Tra i dolci, invece, da non perdere il tiramisù, che è nato proprio in Friuli, e la gubana, tipica della Valli del Natisone, a base di pasta lievitata e ripiena di noci, uvetta, pinoli, scorza di limone e un goccio di grappa, dalla caratteristica forma a chiocciola.

COME ARRIVARE

In auto: A4 Venezia – Trieste o A23 Tarvisio-Udine con uscita Palmanova, che dista circa 17 km da Aquileia. Prendere poi la SR 352 e, per entrare in centro, la via Julia Augusta fino a piazza Capitolo.

DOVE MANGIARE

 *Antica Aquileia, via Bertrando di Saint Genies 2, Aquileia (UD), tel 0431/918825, ristorante pizzeria a pochi passi dall’area archeologica e dal centro. Offre piatti di carne e di pesce, tagliere di salumi tipici, pizze ai cereali e un curioso menù romano con rivisitazione di piatti d’epoca.

*La Capannina, via Gemina 10, Aquileia (UD), tel 0431/91019, www.ristorantelacapannina.net Ristorante di pesce con pescato di stagione e sempre fresco, tra cui pesce spada affumicato, baccalà mantecato, cappe sante e polpo in salsa di limone. Per secondi, grigliate di pesce e pesce al forno.

*Locanda Aquila Nera, Piazza Garibaldi 5, tel 0431/91045. Offre piatti tipici della cucina friulana accompagnati da vini Doc della zona. Anche pizza.

DOVE DORMIRE

*Hotel Patriarchi***, via Giulia Augusta 12, Aquileia (UD), tel 0431/919596, https://visitaquileia.com/it/hotel-patriarchi. Censito come locale storico dalla Regione Friuli Venezia Giulia, dispone di 23 camere con bagno privato, TV, minibar e wifi gratuito. In posizione strategica vicino al complesso della basilica.

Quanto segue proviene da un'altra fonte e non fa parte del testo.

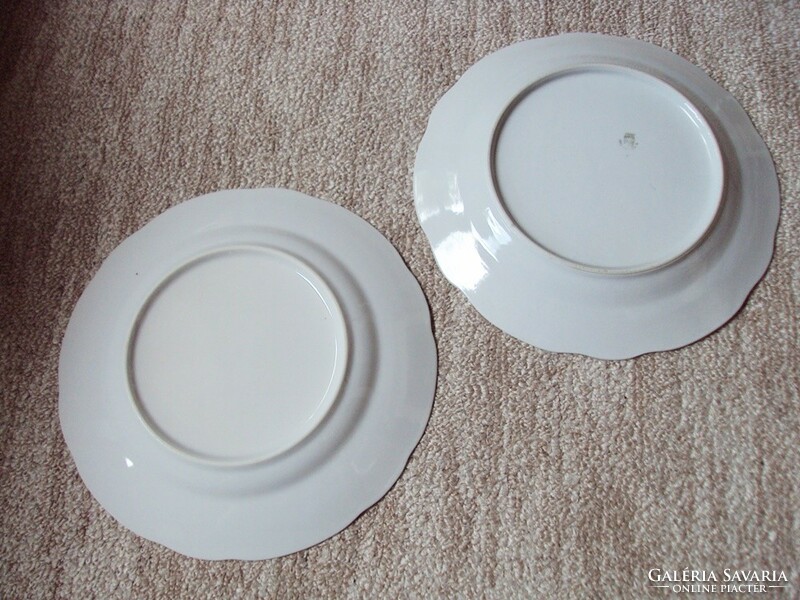 Porcelán régi lapos tányér Zsolnay, Pécs jelzéssel, 2 db
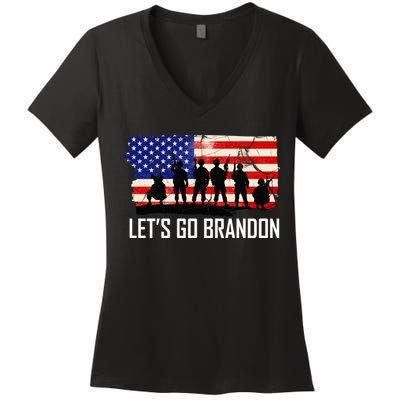 Let's Go Brandon Military Troops American Flag Women's V-Neck T-Shirt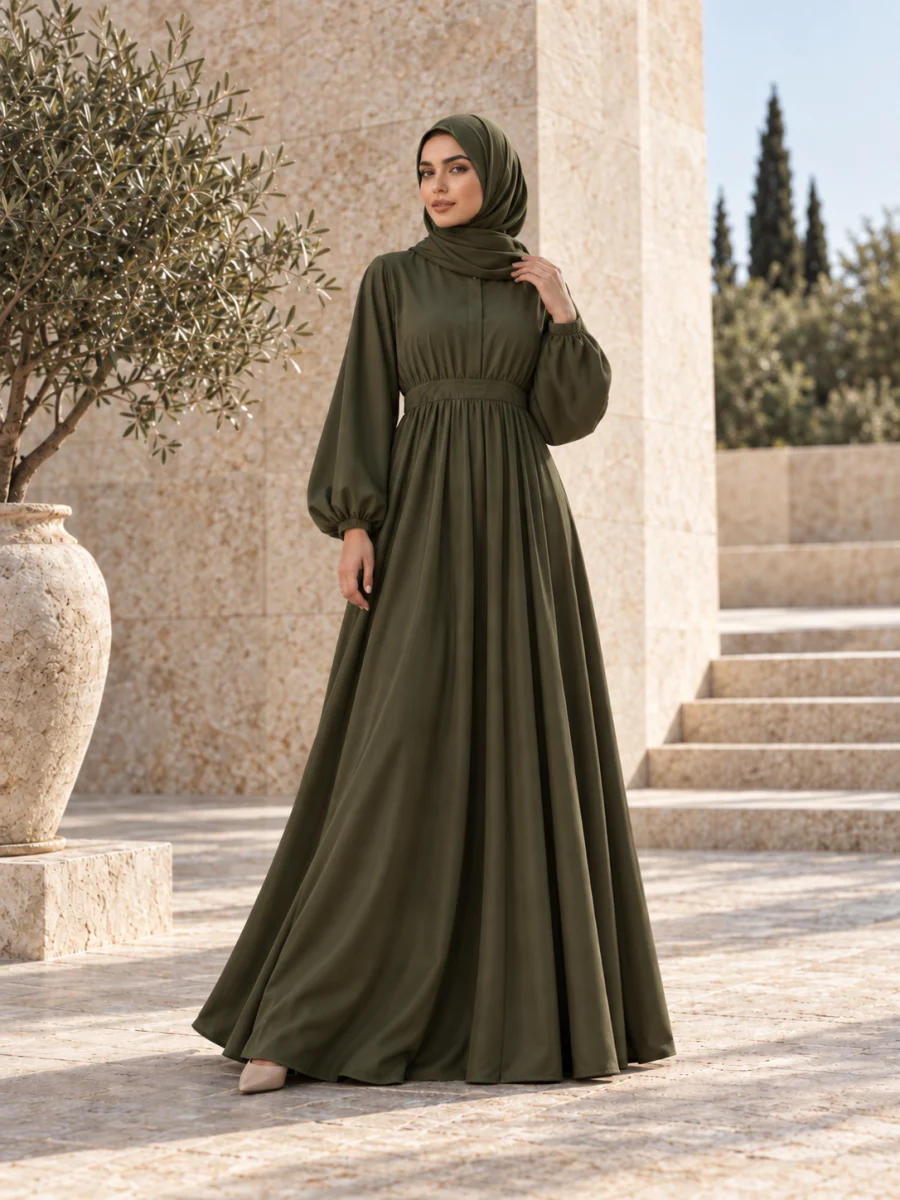 Long-sleeve modest dress, worn on a model
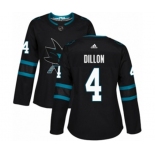 Women Adidas San Jose Sharks #4 Brenden Dillon Authentic Black Alternate NHL Jersey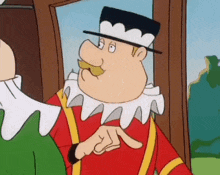 a cartoon character with a hat and mustache is pointing at another character .
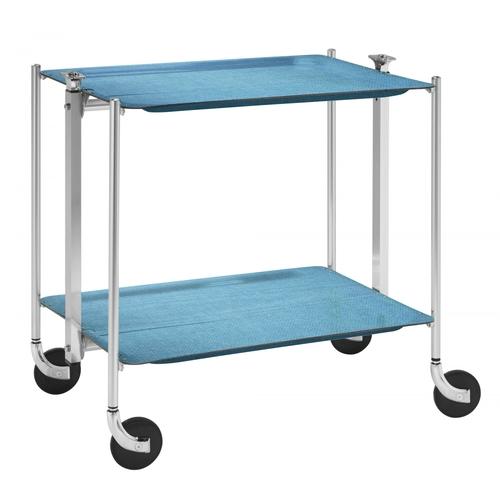 Desserte de cuisine Textable chromé 2 plateaux ble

*B&B Casa del Neri, via XXIV Maggio 18, Aquileia (UD), tel 0431/91171. Raffinata struttura di campagna a soli 5 minuti a piedi dal Museo Archeologico. Le camere hanno le pareti in pietra a vista e il soffitto a travi, mentre le suite sono provviste anche di angolo cottura. La colazione è servita in un elegante lounge.